As of June 30, 2022, we had cash of $88,568. We intend to use the funds held outside the Trust Account primarily to identify and evaluate target businesses, perform business due diligence on prospective target businesses, travel to and from the offices or similar locations of prospective target businesses or their representatives or owners, review corporate documents and material agreements of prospective target businesses, structure, negotiate and complete a Business Combination.
Until the consummation of a Business Combination, the Company will be using the funds not held in the Trust Account for identifying and evaluating prospective acquisition candidates, performing due diligence on prospective target businesses, paying for travel expenditures, selecting the target business to acquire, and structuring, negotiating and consummating the Business Combination.

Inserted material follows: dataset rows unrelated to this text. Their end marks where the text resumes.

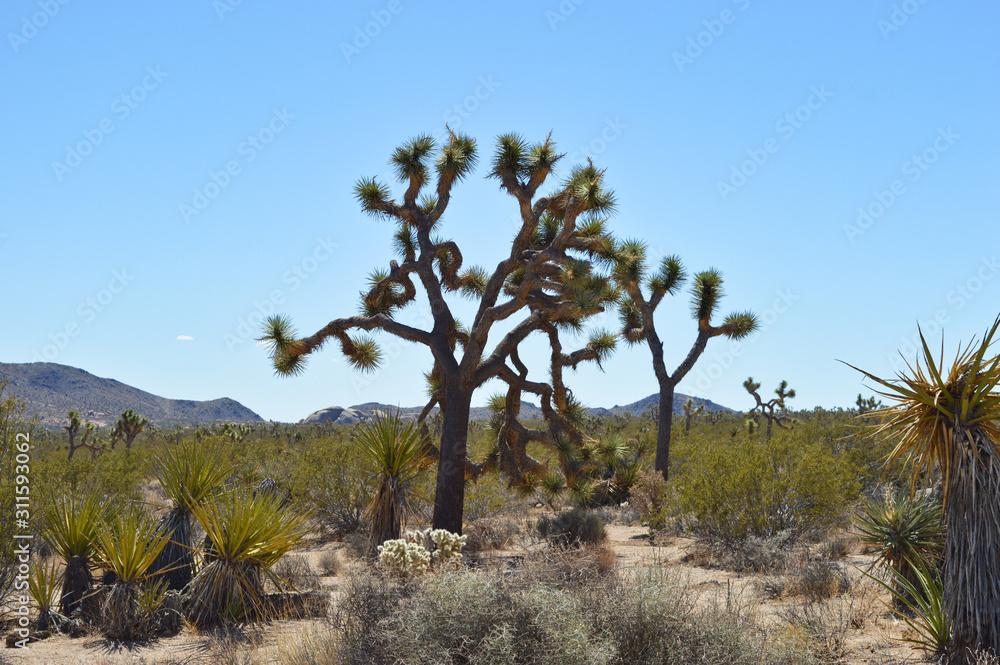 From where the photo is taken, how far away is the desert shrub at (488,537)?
13.1 meters

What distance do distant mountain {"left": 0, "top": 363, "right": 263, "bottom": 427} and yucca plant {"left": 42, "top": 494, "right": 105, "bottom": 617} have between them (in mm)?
97897

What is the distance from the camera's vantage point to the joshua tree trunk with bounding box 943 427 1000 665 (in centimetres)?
540

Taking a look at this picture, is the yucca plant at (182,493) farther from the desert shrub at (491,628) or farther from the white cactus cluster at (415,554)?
the desert shrub at (491,628)

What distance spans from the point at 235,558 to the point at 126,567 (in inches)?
44.5

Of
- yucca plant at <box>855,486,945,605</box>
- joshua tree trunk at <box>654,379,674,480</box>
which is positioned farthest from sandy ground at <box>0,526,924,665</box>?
joshua tree trunk at <box>654,379,674,480</box>

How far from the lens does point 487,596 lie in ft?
16.6

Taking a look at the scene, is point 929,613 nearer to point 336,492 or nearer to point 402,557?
point 402,557

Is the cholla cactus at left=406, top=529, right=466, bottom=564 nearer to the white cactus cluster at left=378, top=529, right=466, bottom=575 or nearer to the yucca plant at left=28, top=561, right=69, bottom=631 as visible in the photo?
the white cactus cluster at left=378, top=529, right=466, bottom=575

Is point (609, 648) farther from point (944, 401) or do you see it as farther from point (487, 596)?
point (944, 401)

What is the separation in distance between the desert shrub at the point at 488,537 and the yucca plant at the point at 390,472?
6.69 ft

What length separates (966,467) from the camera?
5.47 metres

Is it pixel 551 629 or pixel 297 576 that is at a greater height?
pixel 551 629

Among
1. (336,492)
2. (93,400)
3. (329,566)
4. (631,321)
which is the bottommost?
(329,566)

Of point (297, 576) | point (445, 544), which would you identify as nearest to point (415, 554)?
point (445, 544) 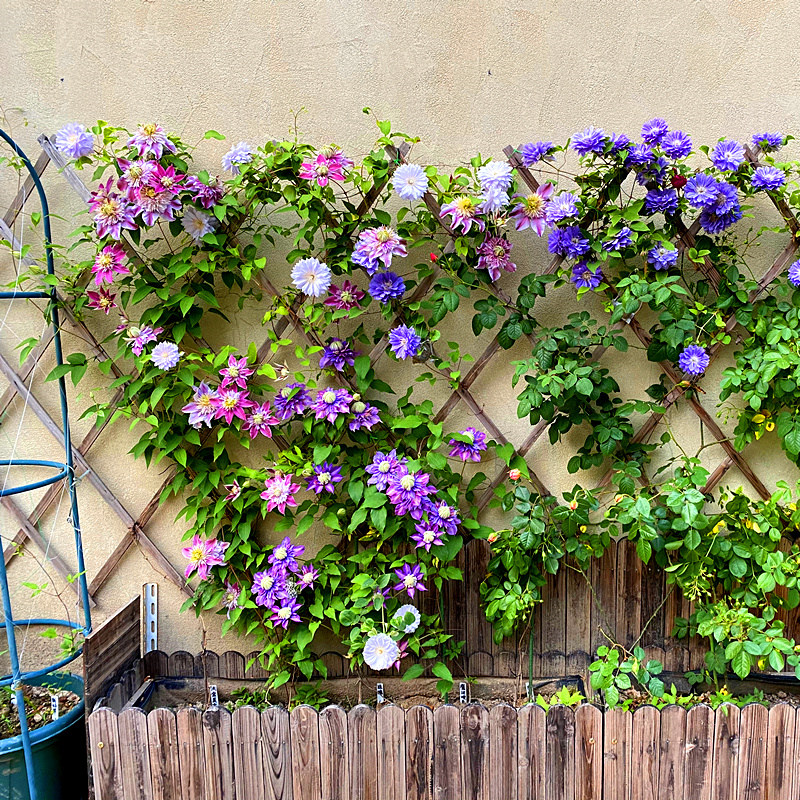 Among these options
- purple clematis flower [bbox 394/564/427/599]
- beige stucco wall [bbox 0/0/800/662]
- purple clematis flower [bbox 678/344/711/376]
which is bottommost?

The Company has incurred and expects to continue to incur significant costs in pursuit of its acquisition plans. The Company will need to raise additional capital through loans or additional investments from its Sponsor, stockholders, officers, directors, or third parties. The Company’s officers, directors and Sponsor may, but are not obligated to, loan the Company funds, from time to time or at any time, in whatever amount they deem reasonable in their sole discretion, to meet the Company’s working capital needs. Accordingly, the Company may not be able to obtain additional financing. If the Company is unable to raise additional capital, it may be required to take additional measures to conserve liquidity, which could include, but not necessarily be limited to, curtailing operations, suspending the pursuit of a potential transaction, and reducing overhead expenses. The Company cannot provide any assurance that new financing will be available to it on commercially acceptable terms, if at all. If the Company is unable to complete the Business Combination because it does not have sufficient funds available, the Company will be forced to cease operations and liquidate the Trust Account. These conditions raise substantial doubt about the Company’s ability to continue as a going concern one year from the date that these financial statements are issued.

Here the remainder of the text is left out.